Passione Gourmet Wisteria - Passione Gourmet

Wisteria

Ristorante
San Polo, Venezia
Chef Valerio Dallamano
Recensito da Davide Scapin Giordani

Valutazione

15/20 Cucina prevalentemente di avanguardia

Pregi

  • Servizio efficiente.

Difetti

  • Condizioni impegnative di cancellazione della prenotazione.
  • Ricarichi dei vini.
  • Acustica delle sale migliorabile.
Visitato il 11-2022

Cambia lo chef, ma il livello rimane alto

Wisteria è un ristorante con tutte le carte in regola per attrarre il segmento più facoltoso dei turisti che popolano la città: situato in posizione strategica appena fuori dal circuito Stazione-Rialto-San Marco e a pochi metri dalla Basilica dei Frari, dotato di una sala capiente e arredata con gusto e di una corte interna (una rarità, a Venezia) che permette un servizio di alto profilo anche all’aperto. Carta dei vini ampia e ben dotata di etichette prestigiose, brigata di sala numerosa, efficiente, formale a cui però non guasterebbe qualche sorriso in più.

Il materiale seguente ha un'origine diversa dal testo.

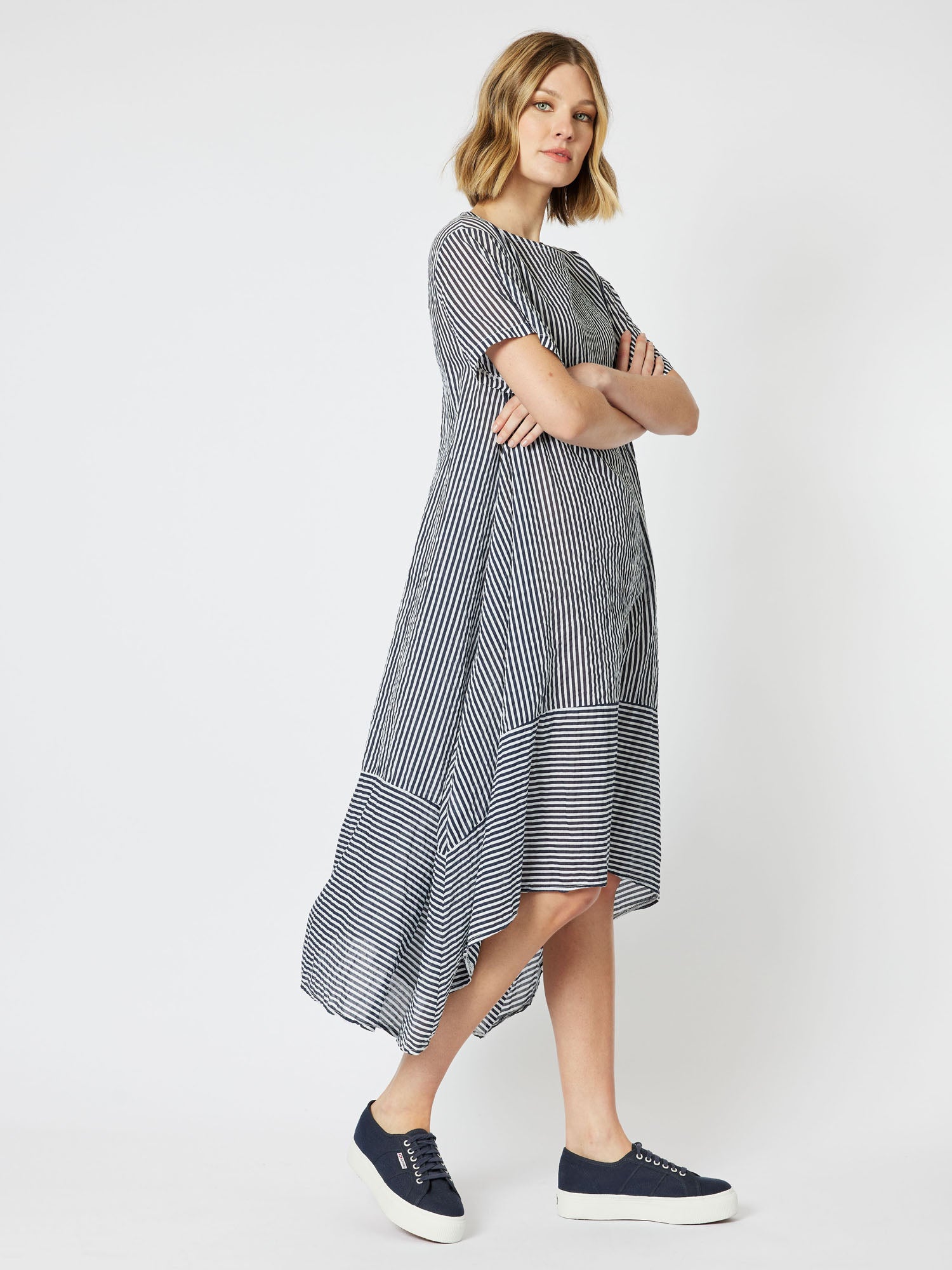 Boater Cotton Stripe Asymetric Hem Short Sleeve Dress - Navy/White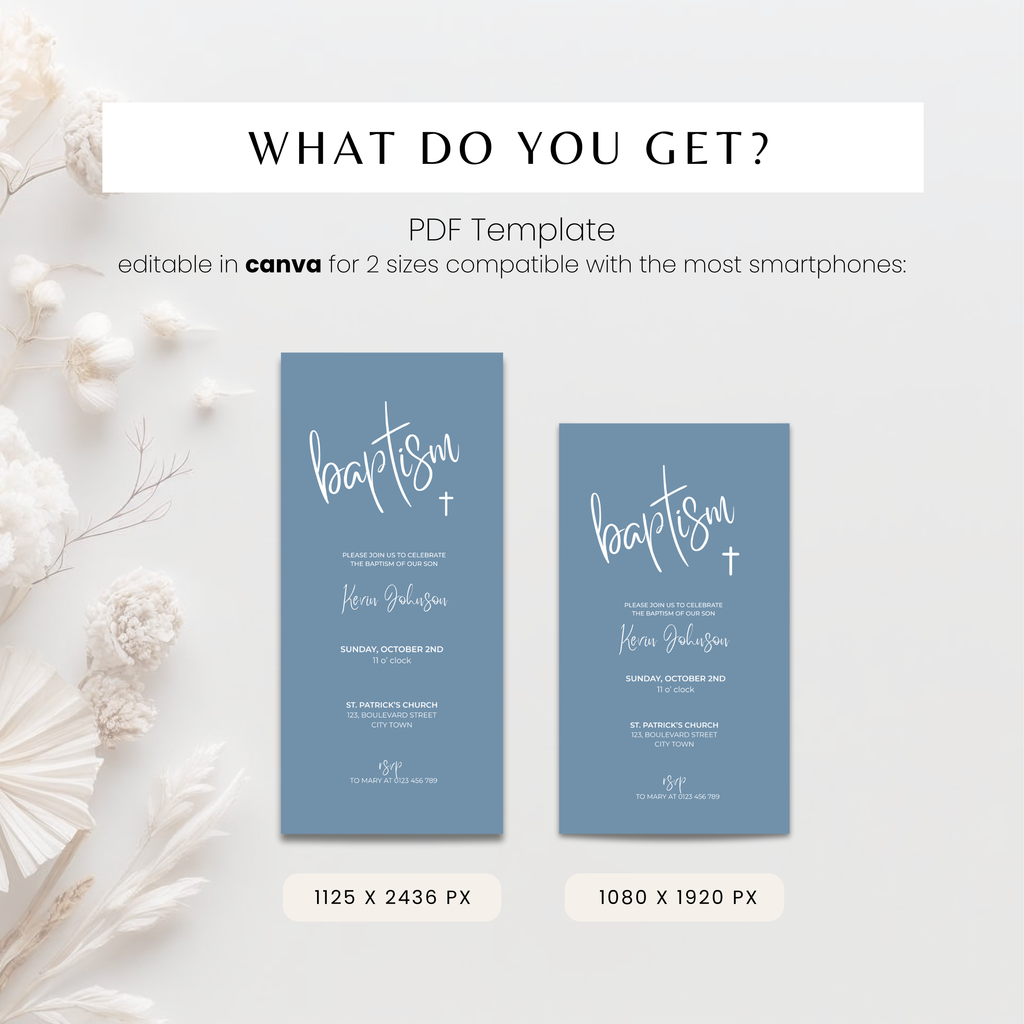 Elegant Bleu Baptism Invitation Boys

Non stupisce, quindi, l’assegnazione della stella da parte della “guida rossa” nel 2021, quando a condurre i fornelli era il giovanissimo Simone Selva, peraltro in uscita verso Lancenigo (TV) già al momento dell’ottenimento del premio. Non stupisce nemmeno che sia stata confermata nonostante il cambio di Chef, una volta assaggiati i piatti di Valerio Dallamano, in sella dall’inizio del 2022 e autore di una cucina così diversa da risultare quasi opposta rispetto a quella del suo predecessore e, azzardiamo, più confacente all’eterogenea piazza veneziana.

Cucina dai tratti eleganti

Nei due menù degustazione, infatti, non ci sono provocazioni, nessuna volontà di aggredire il palato con estrazioni e concentrazioni estreme, le sensazioni amare e acide compaiono con il contagocce e i piatti si susseguono eleganti, confortevoli, esteticamente ricercati. La tendenza ad abbondare nel numero di ingredienti contemporaneamente presenti nello stesso piatto toglie in alcuni casi riconoscibilità ai sapori: caratteristica che si nota nella “Perla Rosa”: ostrica del Delta del Po con crema all’aglio gentile, salsa mignonette allo scalogno, kiwi giallo e verde, così come nelle “Praline di manzo e seppia”: carpaccio di manzo maturato e marinato che avvolge un tentacolo di seppia, con insalata riccia condita con vinaigrette di lamponi, polvere di bitter Sürlo e salsa tartara. Lascia interdetti il posizionamento nel menu di “Petricore”, ovvero funghi, tuberi (topinambur) e foglie di cavolo, immersi in una intensa salsa a base di formaggio di capra erborinato che lo fa sembrare più adatto ad una fase successiva del menù, piuttosto che al ruolo di introduzione dei primi piatti. Questi ultimi, peraltro, tutti di ottimo livello, dallo Spaghetto al pomodoro e basilico (fuori menù) nel quale la dolcezza della salsa rimanda a sensazioni di fragola, a “Gnoc en cola”, gnocchi di castagne e zucca, Parmigiano 42 mesi e tisana di bucce tostate: semplice ed efficace il contrasto tra la dolcezza degli gnocchi e l’astringenza gentile della tisana. Accostamenti azzeccati e cottura perfetta nel Rombo chiodato con patata schiacciata agli agrumi e olio alla verbena, accompagnato da funghi porcini e shitake e foglie di nasturzio. Ben eseguita anche l’Anatra in due servizi: perfetta la consistenza del petto scaloppato con salsa al miele di barena, scorzanera e lavanda; intense le praline al cioccolato e fegato d’anatra e la terrina d’anatra al miele di barena. Un’ulteriore conferma della predilezione dello Chef per la tendenza dolce anche nei piatti salati.

Un’esperienza complessivamente molto positiva, senza punti deboli, tranne forse l’aspetto economico, non tanto per i prezzi quanto per i ricarichi decisamente impegnativi della carta dei vini (che non presenta alcuna opzione al di sotto dei 50 euro) e soprattutto per le condizioni di prenotazione, tra le più rigide della città: si prenota solo on-line con carta di credito e, in caso di inconveniente, occorre disdire ben 48 ore prima del pasto per non incorrere in un prelievo forzato di 150 euro, corrispondenti all’intero importo del menù da 6 portate. Un eccesso di legittima difesa?